# Call PETSc matrix operator MatDiagonalSet (…)

I’m not sure why that is. The parallel interpolation is not really designed for your problem (with meshes of greatly different dimensions).
In your case, your leaflet is very small, so it may be counterproductive to distribute it across processes. Instead, you could, for example, let process #0 hold the solid mesh. Then, distribute the fluid mesh by making sure that the solid mesh only lives in the portion of the fluid mesh held by process #0. That way, you can do all fluid <-> solid interpolation on process #0, “in sequential” (which may be better since the domain is tiny), and do all fluid work in parallel.
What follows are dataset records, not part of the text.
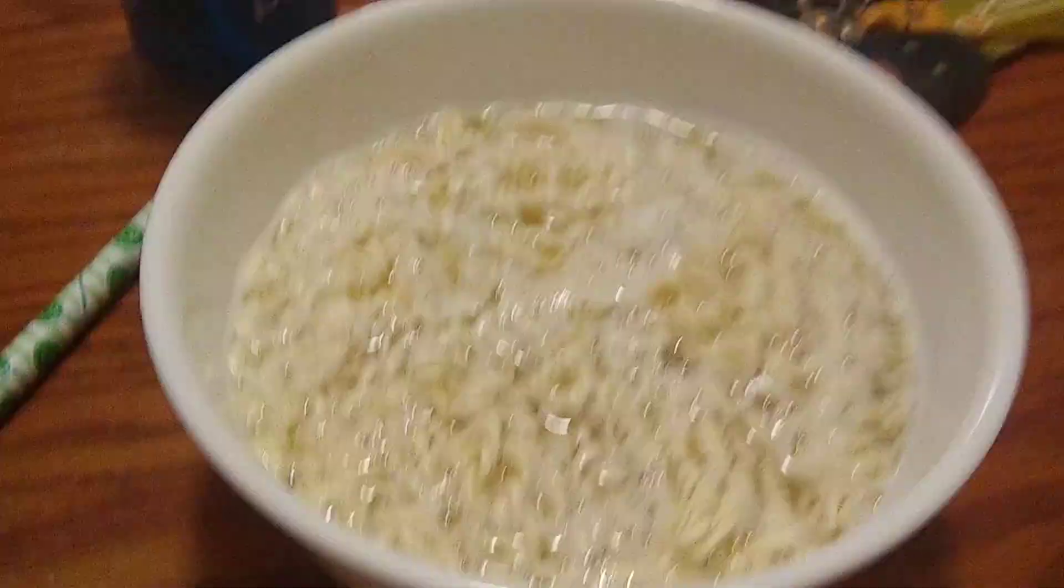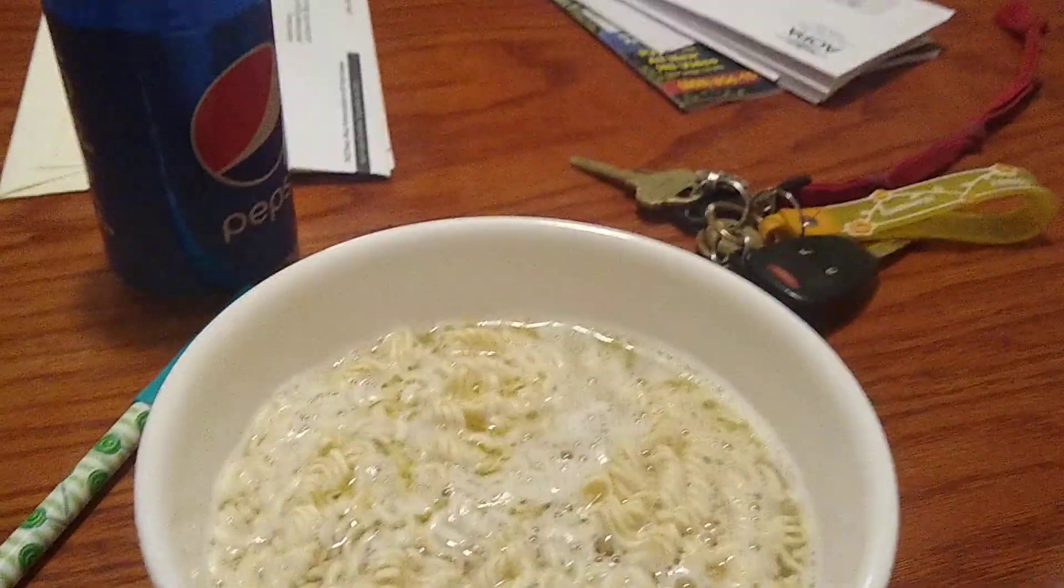Then after you do that you can add butter. You already added butter. I want to add some more butter to make it more smooth. And then you add some chicken flavor.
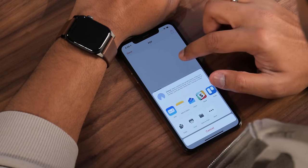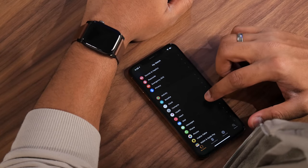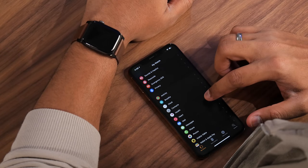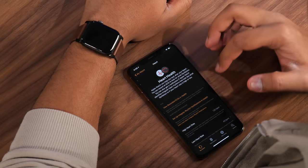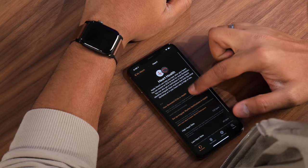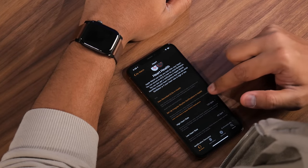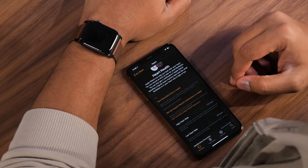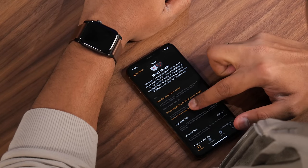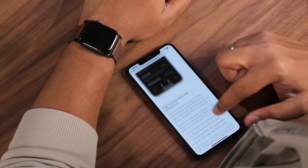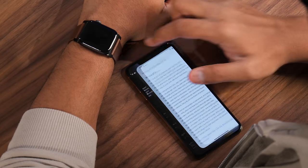Now that you've set up the ECG app, you can also set up irregular heart rate notifications. Go back to the Watch app, tap on Heart, and you can see that the ECG has been set up. It now says set up irregular rhythm notifications in Health. This helps identify atrial fibrillation as well — you can tap Learn More to read about how it works and why it's useful to track this data.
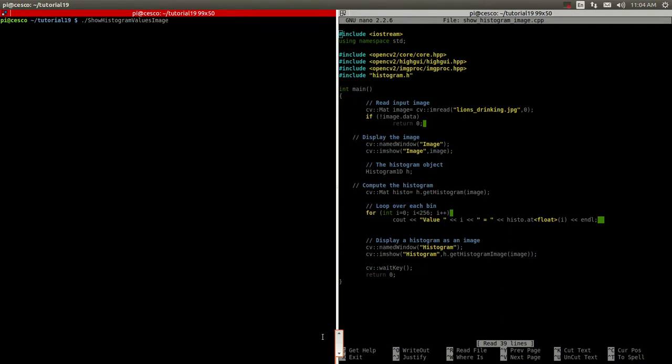As you remember, in the last tutorial, we used C++ in order to show the equalization of histogram of images. We're going to be doing the same thing, but we're going to do it using Python.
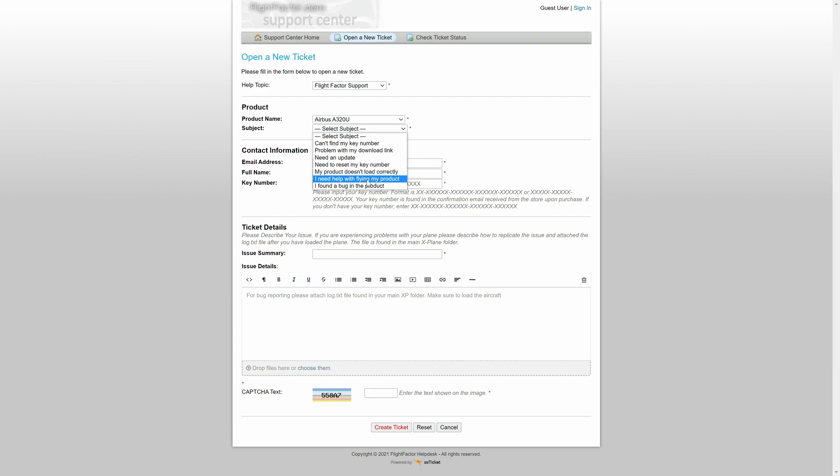And the next thing is I found a bug in the product. Now this can mean anything, whether it be a software bug or if it's just a bug, for example the aircraft is not functioning the way it is supposed to like in the real plane.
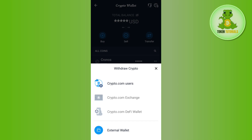After that, you will have to enter the amount that you want to withdraw, then tap on the Withdraw button to confirm your withdrawal. On the next page, you just have to select your bank account in which you want to receive your withdrawal, and then confirm your transfer.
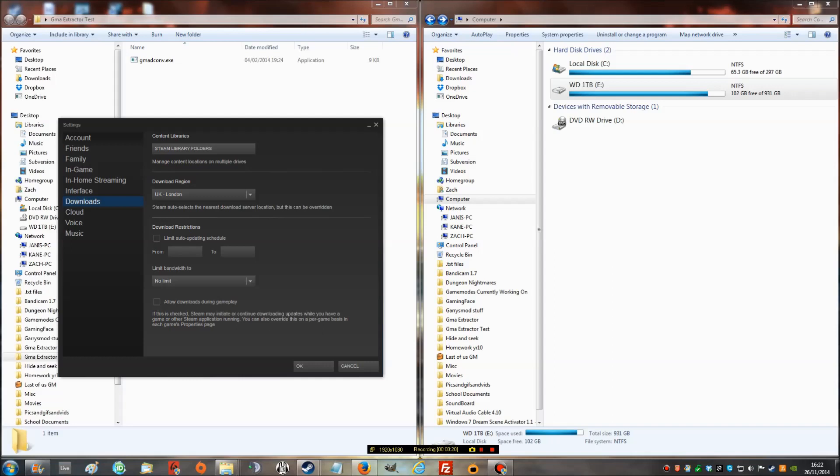After downloading, you're going to first have to find your Steam library folder. If you already know how to do this, skip ahead, but if you're a beginner and don't know how to get to it, we're going to have to get to your Steam library folder.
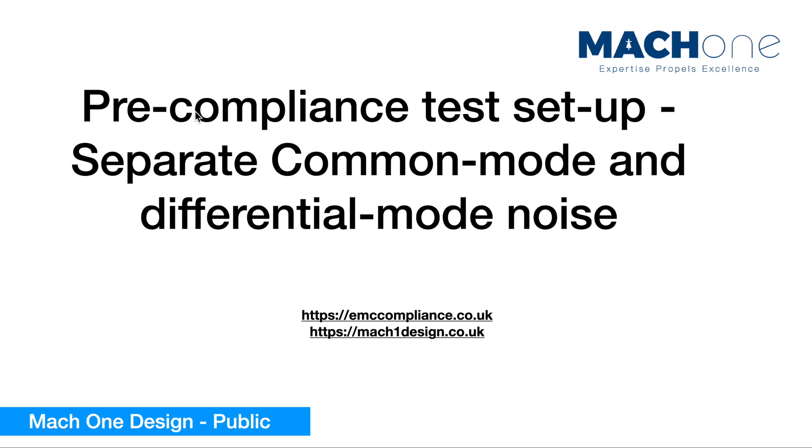Hello everyone. Welcome to Mach1 Design EMC video channel. In today's session, we're going to talk about how to separate common mode and differential mode noise by using either a LISN mate or current probe method.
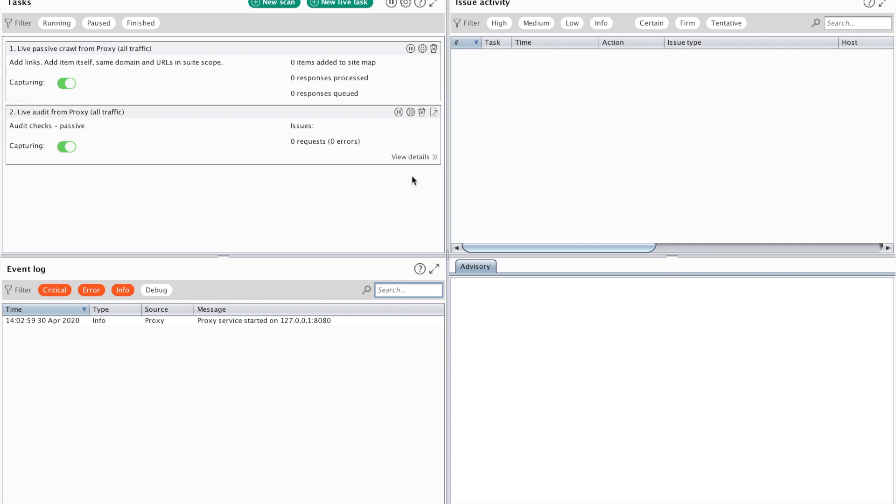So the first thing I would like to mention is that I opened a project. I have saved my project and that's a pro feature. That's one of the biggest reasons I would advise you guys to get Burp Pro, because you can save your project - that saves me a hell of a lot of time.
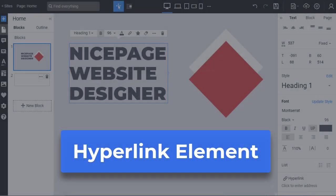Hyperlink element. In this video we will talk about the hyperlink element. It is a button type working similarly and having some distinctive features.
Thank you, I will give it a try. However, this is just a test. The motivation is to simulate the whole heart including all the valves, in which case the solid (valves and tissues) would be large

It seems I always have to do the following code together (inside the time loop) in order to compute the interpolation matrix P (mesh Ths is moving but Th is static)

createMat(Th, A, PV1)|
createMat(Ths, B, PV1)|
transferMat(Th, PV1, A, Ths, PV1, B, P)
A = fluid(Rh, Rh);
B = solid(Rhs,Rhs)

One problem is I quickly ran out of memory because of (I guess) calling createMat() again and again.

Another problem is matrix A is static, It’s better to put it outside the time loop. However, when I do this, it shows the following error:

Can I somehow only put the following two lines inside the time loop, and all the other three lines outside the time loop because only Ths and matrix B change as the time involves ?

transferMat(Th, PV1, A, Ths, PV1, B, P)
B = solid(Rhs,Rhs)

Yes, of course you can. Maybe for good measure add `MatDestroy(P);` before the call to `transferMat`.

Dear Prof. Pierre Jolivet,

Your know, after solving a PDE for u, we can use dx(u) to get the derivative of u.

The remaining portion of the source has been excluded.